As cloud bills continue to rise amid economic uncertainty, cost and resource optimization are becoming mission-critical. Many organizations are currently overspending, with EC2 (followed by RDS and S3) likely the most expensive item on your AWS bill.
That’s where right sizing comes in. By analyzing historical usage and performance, you can identify and right size instances that are not consuming all the resources that are currently available to them.
We’ve all been there: once in-demand applications become less busy, usage patterns evolve. And amid high-priority new features, oversized instances can easily go unnoticed.
Right sizing these resources to their proper level goes a long way toward taming cloud costs. In this blog post, we’ll take you through a comprehensive, hands-on guide with step-by-step instructions and tips for right sizing with Datadog metrics.
Why is it challenging to right size effectively?
There are two major challenges that make it difficult to right size effectively.

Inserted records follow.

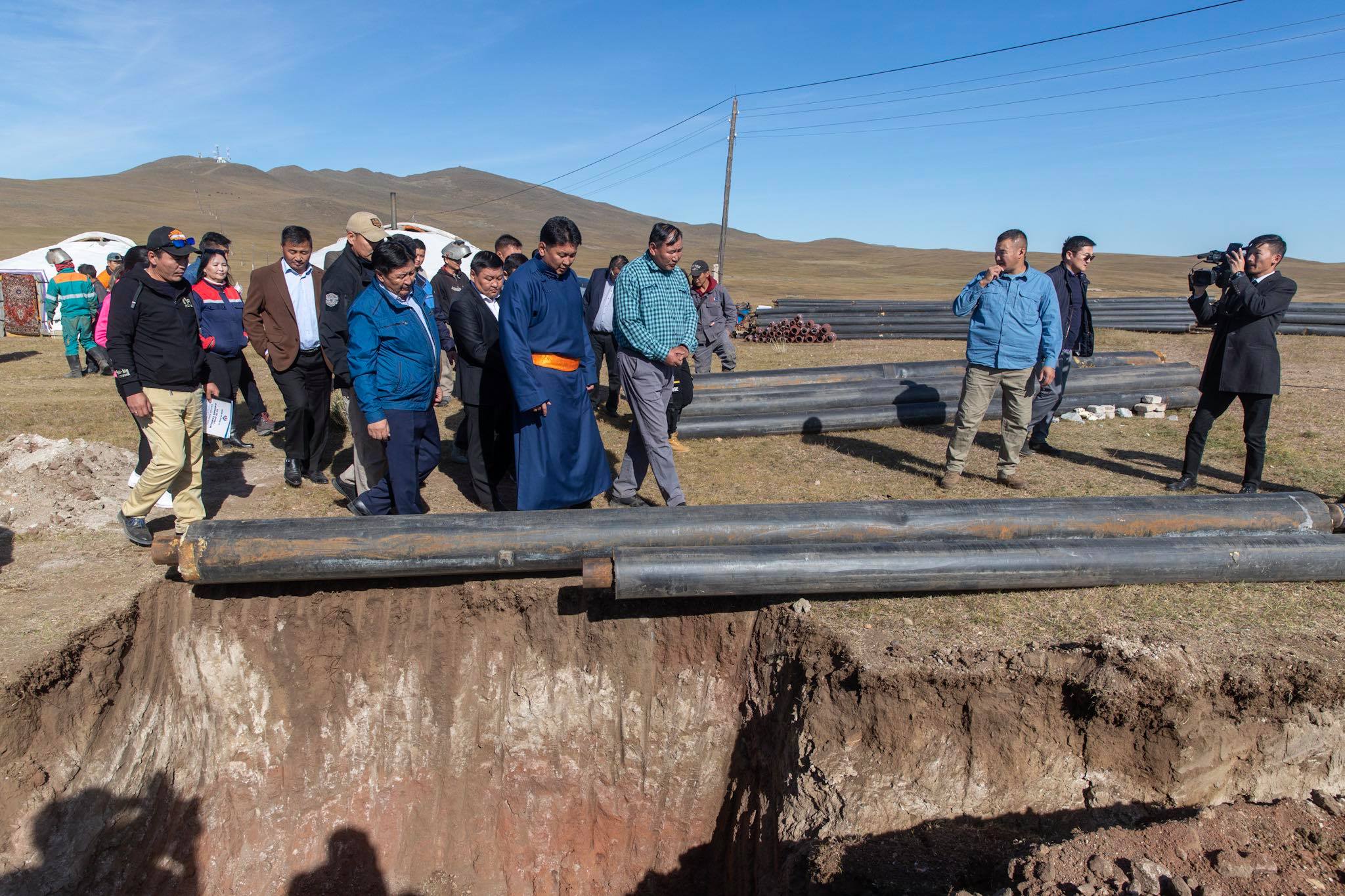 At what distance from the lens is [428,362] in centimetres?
459

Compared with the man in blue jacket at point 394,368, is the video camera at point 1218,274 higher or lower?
higher

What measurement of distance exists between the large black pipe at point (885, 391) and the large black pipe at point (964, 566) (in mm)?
3669

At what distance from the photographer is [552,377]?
4.83 metres

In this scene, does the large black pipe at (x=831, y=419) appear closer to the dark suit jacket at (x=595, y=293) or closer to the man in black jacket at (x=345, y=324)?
the dark suit jacket at (x=595, y=293)

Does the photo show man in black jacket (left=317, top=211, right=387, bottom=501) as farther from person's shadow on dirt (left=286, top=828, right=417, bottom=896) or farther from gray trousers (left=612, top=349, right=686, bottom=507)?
person's shadow on dirt (left=286, top=828, right=417, bottom=896)

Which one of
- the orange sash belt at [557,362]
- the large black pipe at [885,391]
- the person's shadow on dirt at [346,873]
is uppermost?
the orange sash belt at [557,362]

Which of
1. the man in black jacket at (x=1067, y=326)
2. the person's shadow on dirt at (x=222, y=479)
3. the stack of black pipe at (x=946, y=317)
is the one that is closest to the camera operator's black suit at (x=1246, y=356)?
the man in black jacket at (x=1067, y=326)

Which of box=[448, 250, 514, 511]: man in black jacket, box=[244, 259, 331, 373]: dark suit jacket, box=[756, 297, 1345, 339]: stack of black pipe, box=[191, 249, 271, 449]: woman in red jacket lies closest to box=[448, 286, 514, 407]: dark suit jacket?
box=[448, 250, 514, 511]: man in black jacket

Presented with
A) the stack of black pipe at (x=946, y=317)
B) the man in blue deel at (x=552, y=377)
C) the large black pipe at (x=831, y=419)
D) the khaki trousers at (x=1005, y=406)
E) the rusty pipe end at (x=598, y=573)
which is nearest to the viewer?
the rusty pipe end at (x=598, y=573)

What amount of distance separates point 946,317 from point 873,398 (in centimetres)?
1021

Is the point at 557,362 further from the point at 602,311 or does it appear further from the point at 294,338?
the point at 602,311

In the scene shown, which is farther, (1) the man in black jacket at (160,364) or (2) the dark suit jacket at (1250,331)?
(2) the dark suit jacket at (1250,331)

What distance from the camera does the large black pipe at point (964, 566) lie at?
12.7ft

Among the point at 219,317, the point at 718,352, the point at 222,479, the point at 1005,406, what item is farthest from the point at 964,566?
the point at 718,352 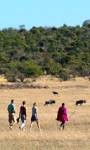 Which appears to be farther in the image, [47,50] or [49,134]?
[47,50]

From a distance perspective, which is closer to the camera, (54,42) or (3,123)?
(3,123)

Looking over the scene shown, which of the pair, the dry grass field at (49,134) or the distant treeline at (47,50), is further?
the distant treeline at (47,50)

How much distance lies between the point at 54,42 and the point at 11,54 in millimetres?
20745

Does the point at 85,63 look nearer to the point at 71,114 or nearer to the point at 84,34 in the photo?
the point at 84,34

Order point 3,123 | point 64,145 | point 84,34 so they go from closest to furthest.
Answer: point 64,145 < point 3,123 < point 84,34

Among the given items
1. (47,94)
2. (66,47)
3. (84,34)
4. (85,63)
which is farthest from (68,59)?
(47,94)

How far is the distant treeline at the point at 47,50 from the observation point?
101 meters

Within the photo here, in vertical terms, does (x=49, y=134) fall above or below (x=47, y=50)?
below

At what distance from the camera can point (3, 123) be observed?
31859 mm

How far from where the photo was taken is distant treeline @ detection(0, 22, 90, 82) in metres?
101

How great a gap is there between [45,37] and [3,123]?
132 m

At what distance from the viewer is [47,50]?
14738 centimetres

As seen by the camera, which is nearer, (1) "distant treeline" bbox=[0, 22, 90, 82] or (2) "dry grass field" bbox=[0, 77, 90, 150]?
(2) "dry grass field" bbox=[0, 77, 90, 150]

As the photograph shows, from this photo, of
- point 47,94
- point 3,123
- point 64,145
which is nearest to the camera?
point 64,145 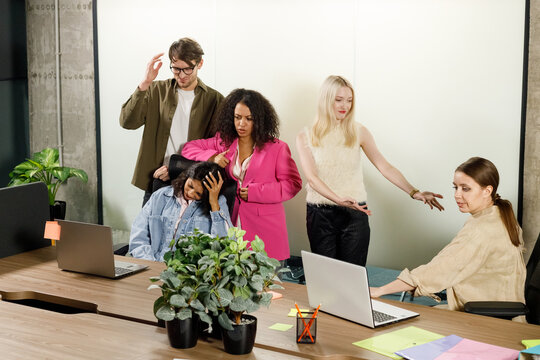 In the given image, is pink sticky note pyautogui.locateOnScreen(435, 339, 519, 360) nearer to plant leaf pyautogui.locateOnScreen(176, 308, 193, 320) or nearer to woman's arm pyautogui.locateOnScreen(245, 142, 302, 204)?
plant leaf pyautogui.locateOnScreen(176, 308, 193, 320)

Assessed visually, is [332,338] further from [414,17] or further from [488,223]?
[414,17]

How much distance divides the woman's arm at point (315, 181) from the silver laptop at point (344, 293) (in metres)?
1.59

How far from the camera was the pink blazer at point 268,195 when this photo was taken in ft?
15.8

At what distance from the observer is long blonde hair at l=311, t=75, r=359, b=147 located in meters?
4.86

#1: Right sizing recommendations are frequently wrong. Vast amounts of right sizing recommendations are available through tools such as AWS Trusted Advisor. Yet, it is difficult to know which recommendations to accept.
Reliable recommendations require granular historical data on memory, utilization, network bandwidth, volume size, and more. This data is difficult to collect and analyze, and there isn’t a single source for all of the metrics that you need. As a result, right sizing recommendations are often untrustworthy.

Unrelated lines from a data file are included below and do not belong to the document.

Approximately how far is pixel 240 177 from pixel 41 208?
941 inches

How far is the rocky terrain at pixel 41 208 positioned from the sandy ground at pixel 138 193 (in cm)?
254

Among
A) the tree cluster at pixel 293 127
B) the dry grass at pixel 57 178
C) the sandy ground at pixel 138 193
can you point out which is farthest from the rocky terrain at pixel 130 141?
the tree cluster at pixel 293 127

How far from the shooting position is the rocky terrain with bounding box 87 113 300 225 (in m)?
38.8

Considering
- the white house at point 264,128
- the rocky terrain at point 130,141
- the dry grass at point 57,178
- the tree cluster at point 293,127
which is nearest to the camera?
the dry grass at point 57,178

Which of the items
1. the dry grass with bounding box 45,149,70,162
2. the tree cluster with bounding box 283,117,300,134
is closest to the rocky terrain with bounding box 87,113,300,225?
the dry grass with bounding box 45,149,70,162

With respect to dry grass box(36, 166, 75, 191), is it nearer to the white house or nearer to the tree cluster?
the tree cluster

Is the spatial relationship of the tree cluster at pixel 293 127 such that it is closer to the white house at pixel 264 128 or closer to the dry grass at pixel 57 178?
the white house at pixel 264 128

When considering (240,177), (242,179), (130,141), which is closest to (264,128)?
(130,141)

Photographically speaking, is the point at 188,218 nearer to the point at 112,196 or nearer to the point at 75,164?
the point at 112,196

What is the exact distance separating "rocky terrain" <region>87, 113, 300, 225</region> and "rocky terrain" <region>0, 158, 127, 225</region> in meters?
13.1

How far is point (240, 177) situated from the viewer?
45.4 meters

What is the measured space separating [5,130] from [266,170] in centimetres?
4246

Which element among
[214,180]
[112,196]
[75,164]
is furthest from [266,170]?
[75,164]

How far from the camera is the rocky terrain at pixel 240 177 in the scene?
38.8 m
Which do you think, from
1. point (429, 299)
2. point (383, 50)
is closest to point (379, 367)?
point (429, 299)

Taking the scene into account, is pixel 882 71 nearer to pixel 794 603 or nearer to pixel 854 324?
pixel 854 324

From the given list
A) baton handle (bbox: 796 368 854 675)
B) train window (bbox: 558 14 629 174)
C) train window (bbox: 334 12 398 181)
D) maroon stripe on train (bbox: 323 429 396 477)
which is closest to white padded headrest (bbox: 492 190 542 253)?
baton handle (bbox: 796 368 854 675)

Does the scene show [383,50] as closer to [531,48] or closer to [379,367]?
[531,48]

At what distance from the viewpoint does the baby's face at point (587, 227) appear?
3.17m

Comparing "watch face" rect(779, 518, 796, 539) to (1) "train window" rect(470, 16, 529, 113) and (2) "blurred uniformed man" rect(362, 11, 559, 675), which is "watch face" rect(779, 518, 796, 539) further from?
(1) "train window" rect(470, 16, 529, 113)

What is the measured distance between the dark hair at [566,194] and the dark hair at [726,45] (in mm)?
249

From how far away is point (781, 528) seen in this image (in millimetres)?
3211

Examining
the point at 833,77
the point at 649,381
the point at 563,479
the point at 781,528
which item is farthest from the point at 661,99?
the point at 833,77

#2: Acting on recommendations is time-consuming. Cumbersome resource investigation, ticketing processes, and manually editing Terraform means that a right sizing initiative can be an IT resource time sink. And as dynamic ecosystem and business needs continually change, you have to do it again.
How to use Datadog metrics to make effective right sizing decisions
Let’s start by solving problem #1. To make accurate and reliable right sizing decisions, you need: CPU, storage, networking and memory. While you can collect the first three through AWS CloudWatch, you’ll need a custom engineering solution or third-party tool to factor in memory data.
In the interest of simplicity and saving time, we recommend using an existing monitoring agent such as Datadog to gather the metrics you need. Here’s how to do it.
1. Sign up for Datadog
2. Integrate your cloud resources (e.g. EC2, RDS) with your Datadog account. Within 15-30 minutes, data will start flowing into Datadog
3. After integration, we generally recommend that you wait 30 days to get the data you need for solid recommendations. The longer you collect data, the more reliable of a decision you can make.
If your workload is predictable, it may not be necessary to wait a full 30 days — on the other hand, more variable workloads may need longer.
4. Go to the Datadog dashboard → Infrastructure → HOSTNAME → Metrics
5. Evaluate 4 key metrics: vCPU, Memory, Storage and Network.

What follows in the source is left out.